FRESNO, Calif. (AP) – There’s a land rush of sorts going on across the nation’s most productive farming region, but these buyers don’t want to grow crops. They want to plant solar farms.

With California mandating that 33 percent of electricity be generated from renewables by the end of the decade, there are 227 proposed solar projects in the pipeline statewide. Coupled with wind and other renewables they would generate enough electricity to meet 100 percent of California’s power needs on an average summer day, the California Independent System Operator says.

And new applications for projects keep arriving.

Developers are flocking to flat farmland near power transmission lines, but agriculture interests, environmental groups and even the state are concerned that there is no official accounting of how much of this important agricultural region’s farmland is being taken out of production.

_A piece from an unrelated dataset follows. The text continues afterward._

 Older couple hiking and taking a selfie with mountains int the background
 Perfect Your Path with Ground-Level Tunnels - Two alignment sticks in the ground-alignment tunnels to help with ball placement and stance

“”We’ve been trying to get a handle on the extent of this for quite a while now,” said Ed Thompson of American Farmland Trust, which monitors how much of the nation’s farmland is absorbed by development.

The California Department of Conservation, which is supposed to track development on privately held farmland, has been unable to do so because of staff and funding reductions, officials say.

“I’d love to say we have all of that information, but we really don’t,” said Molly Penberth, manager of the land resource protection division. “We’re going to play catch up getting that information, particularly in the San Joaquin Valley.”

Planning department records in four of the valley’s biggest farming counties show about 100 solar generation plants already proposed on roughly 40,000 acres, or about the equivalent of 470 Disneyland theme parks. Planners in Fresno County say their applications for solar outnumber the ones they received for housing developments during the boom days.

Solar developers have focused on the southern San Joaquin Valley over the past three years for the same reason as farmers: flat expanses of land and an abundance of sunshine. Land that has been tilled most often has fewer issues with endangered species than places such as the Mojave Desert, where an endangered tortoise slowed solar development on federal land.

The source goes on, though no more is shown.